* **WHAT YOU NEED TO DO**:
Copy out the lines of the records below, and only those lines, from the one with "Handmade small traditional" through the one with "Quarto com cama, duas", exactly as they appear.

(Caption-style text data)
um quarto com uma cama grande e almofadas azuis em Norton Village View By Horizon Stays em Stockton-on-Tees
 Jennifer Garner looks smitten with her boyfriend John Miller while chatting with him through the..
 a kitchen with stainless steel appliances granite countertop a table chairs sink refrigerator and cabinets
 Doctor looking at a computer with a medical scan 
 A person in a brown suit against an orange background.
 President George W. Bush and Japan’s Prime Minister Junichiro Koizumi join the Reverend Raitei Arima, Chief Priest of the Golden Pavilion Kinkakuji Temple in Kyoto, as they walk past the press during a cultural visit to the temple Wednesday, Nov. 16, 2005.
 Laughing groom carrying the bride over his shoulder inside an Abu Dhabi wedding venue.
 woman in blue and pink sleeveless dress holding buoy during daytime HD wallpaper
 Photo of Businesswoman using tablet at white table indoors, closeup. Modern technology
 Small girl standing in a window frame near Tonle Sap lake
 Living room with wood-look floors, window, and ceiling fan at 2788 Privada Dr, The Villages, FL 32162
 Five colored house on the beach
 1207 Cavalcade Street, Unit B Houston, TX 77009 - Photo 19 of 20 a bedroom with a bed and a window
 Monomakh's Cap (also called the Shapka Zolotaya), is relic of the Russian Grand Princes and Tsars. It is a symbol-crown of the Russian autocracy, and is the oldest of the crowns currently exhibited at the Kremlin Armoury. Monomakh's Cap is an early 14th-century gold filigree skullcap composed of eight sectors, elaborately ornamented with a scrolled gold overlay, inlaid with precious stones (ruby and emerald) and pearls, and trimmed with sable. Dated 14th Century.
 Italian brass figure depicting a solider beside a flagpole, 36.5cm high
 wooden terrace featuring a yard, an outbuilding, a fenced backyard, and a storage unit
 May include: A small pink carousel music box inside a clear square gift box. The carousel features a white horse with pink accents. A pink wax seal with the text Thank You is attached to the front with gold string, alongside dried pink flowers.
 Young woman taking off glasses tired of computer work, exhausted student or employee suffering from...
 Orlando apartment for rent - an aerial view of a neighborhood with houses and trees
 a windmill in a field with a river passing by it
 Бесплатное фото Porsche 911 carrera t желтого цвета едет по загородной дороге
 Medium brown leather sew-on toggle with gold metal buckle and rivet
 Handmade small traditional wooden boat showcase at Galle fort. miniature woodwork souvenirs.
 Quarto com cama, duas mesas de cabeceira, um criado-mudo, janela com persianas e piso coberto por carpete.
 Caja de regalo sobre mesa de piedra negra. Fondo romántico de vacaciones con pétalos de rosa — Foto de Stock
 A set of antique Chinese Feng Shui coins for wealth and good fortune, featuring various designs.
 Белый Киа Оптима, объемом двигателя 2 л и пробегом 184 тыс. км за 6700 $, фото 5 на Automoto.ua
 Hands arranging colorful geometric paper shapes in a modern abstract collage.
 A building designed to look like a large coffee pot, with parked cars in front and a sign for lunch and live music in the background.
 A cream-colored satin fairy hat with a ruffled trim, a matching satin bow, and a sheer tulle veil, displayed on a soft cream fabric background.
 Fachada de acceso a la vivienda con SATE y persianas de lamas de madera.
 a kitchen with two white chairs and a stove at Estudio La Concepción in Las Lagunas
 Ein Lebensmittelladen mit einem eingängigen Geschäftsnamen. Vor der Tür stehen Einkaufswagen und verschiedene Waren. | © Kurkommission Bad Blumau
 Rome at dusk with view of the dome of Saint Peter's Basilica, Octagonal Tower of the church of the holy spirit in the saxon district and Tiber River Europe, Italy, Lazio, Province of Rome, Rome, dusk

* **ANSWER SECTION**:
 Handmade small traditional wooden boat showcase at Galle fort. miniature woodwork souvenirs.
 Quarto com cama, duas mesas de cabeceira, um criado-mudo, janela com persianas e piso coberto por carpete.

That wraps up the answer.